Kazuo Ishiguro: ‘When you go from book to film, that’s a fireside moment’

CANNES, France: Kazuo Ishiguro ‘s mother was in Nagasaki when the atomic bomb was dropped.
When Ishiguro, the Nobel laureate and author of “Remains of the Day” and “Never Let Me Go,” first undertook fiction writing in his 20s, his first novel, 1982’s “A Pale View of Hills” was inspired by his mother’s stories, and his own distance from them. Ishiguro was born in Nagasaki but, when he was 5, moved to England with his family.
“A Pale View of Hills” marked the start to what’s become one of the most lauded writing careers in contemporary literature. And, now, like most of Ishiguro’s other novels, it’s a movie, too.
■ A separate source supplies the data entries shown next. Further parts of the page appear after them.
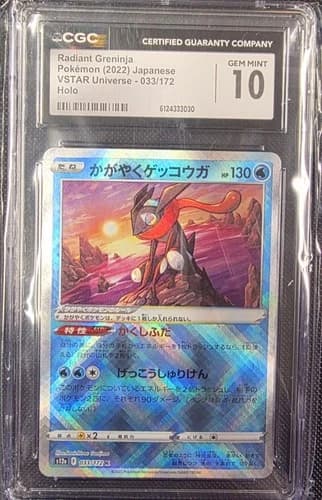 Sale 27618023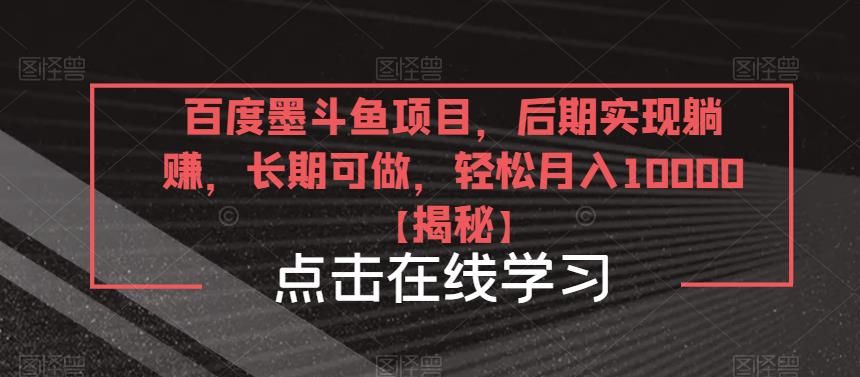 百度墨斗鱼项目，后期实现躺赚，长期可做，轻松月入10000＋【揭秘】-狼哥资源库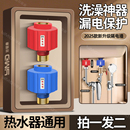 电热水器防电墙通用型配件配大全防漏电隔电墙防火墙专用安全接头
Kei Ishikawa’s film by the same name premiered Thursday at the Cannes Film Festival in its Un Certain Regard section. The 70-year-old author has been here before; he was a member of the jury in 1994 that gave “Pulp Fiction” the Palme d’Or. “At the time it was a surprise decision,” he says. “A lot of people booed.”
Ishiguro is a movie watcher and sometimes maker, too. He penned the 2022 Akira Kurosawa adaptation “Living.” Movies are a regular presence in his life, in part because filmmakers keep wanting to turn his books into them. Taika Waititi is currently finishing a film of Ishiguro’s most recent novel, “Klara and the Sun” .
Ishiguro likes to participate in early development of an adaptation, and then disappear, letting the filmmaker take over. Seeing “A Pale View of Hills” turned into an elegant, thoughtful drama is especially meaningful to him because the book, itself, deals with inheritance, and because it represents his beginning as a writer.
“There was no sense that anyone else was going to reread this thing,” he says. “So in that sense, it’s different to, say, the movie of ‘Remains of the Day’ or the movie of ‘Never Let Me Go.’”
Remarks have been lightly edited.
AP: Few writers alive have been more adapted than you. Does it help keep a story alive?
ISHIGURO: Often people think I’m being unduly modest when I say I want the film to be different to the book. I don’t want it to be wildly different. But in order for the film to live, there has to be a reason why it’s being made then, for the audience at that moment. Not 25 years ago, or 45 years ago, as in the case of this book. It has to be a personal artistic expression of something, not just a reproduction. Otherwise, it can end up like a tribute or an Elvis impersonation.
Whenever I see adaptations of books not work, it’s always because it’s been too reverential. Sometimes it’s laziness. People think: Everything is there in the book. The imagination isn’t pushed to work. For every one of these things that’s made it to the screen, there’s been 10, 15 developments that I’ve been personally involved with that fell by the wayside. I always try to get people to just move it on.
AP: You’ve said, maybe a little tongue in cheek, that you’d like to be like Homer.
ISHIGURO: You can take two kind of approaches. You write a novel and that’s the discrete, perfect thing. Other people can pay homage to it but basically that’s it. Or you can take another view that stories are things that just get passed around, down generations. Even though you think you wrote an original story, you’ve put it together out of other stuff that’s come before you. So it’s part of that tradition.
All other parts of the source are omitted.